Budget 09: Comment – IoD’s tax head bemoans the Budget

We all want to see sound public finances and a strong private sector. That
would open up the prospect of reduced tax rates, creating a virtuous circle as
the economy became stronger and more competitive. The government would like to
achieve that too. Sadly, the Budget does not set the right course.

No-one denies that the public finances are in a bad way, with record deficits
and huge total borrowing. We all know that the remedy for any debtor is to bring
income and expenditure back into balance. But that leaves the debtor with a
choice: cut expenditure or increase income, or a bit of both. The government’s
income is taxation. Increasing that will damage business, slow the recovery and
deter international capital from coming to the UK.

The government has not bitten the bullet. The only sound way to restore
health to the public finances would have been a real-terms freeze in public
spending growth, once the recovery was under way. Realistically, that freeze
would have had to last for more than the life of the next Parliament.

Instead, the government has decided to rely on a mixture of reduced growth in
spending – down to 0.7% in real terms – and increased taxation. The tax policy
measures that are announced in the Budget give a net reduction in tax in
2009-10, are broadly neutral in 2010-11 and then increase tax revenue by £5bn in
2011-12. This is on top of previous announcements, such as the extra £5bn that
will be raised through the increase in national insurance rates from 2011
onwards. The government has also crossed its fingers and predicted strong trend
growth of 2.75%, justifying a prediction of 3.5% growth in 2011. If, as many
economists fear, that does not happen, things will look grim indeed.

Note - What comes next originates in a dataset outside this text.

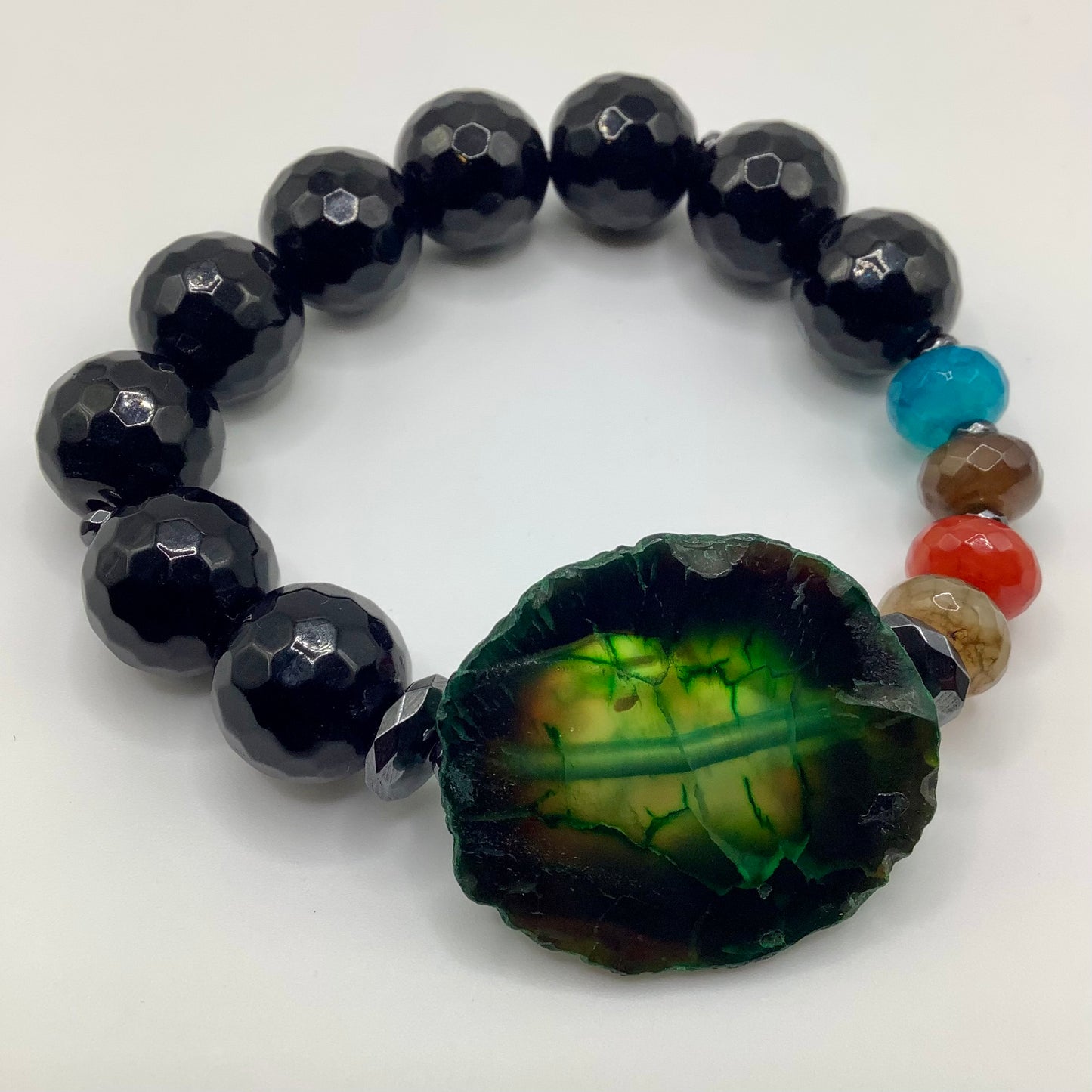 Agate Slab Focal, Agate and Onyx 14mm gunmetal hematite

But it is not all bad news for accountants. Clients will need their help. it
will be important to use the temporary increase in the main capital allowances
rate, and the extension to three-year loss carry-back, efficiently. The new
anti-avoidance rules are going to create traps for the innocent but unwary. And
any clients with income of £150,000 or more who come up against the new
restriction on the effective rate of relief for pension contributions, or the
anti-forestalling provisions that take effect immediately, will need help to get
through the maze. Complexity in tax law is a bad thing. But in difficult times,
it will give some of us a little cheer.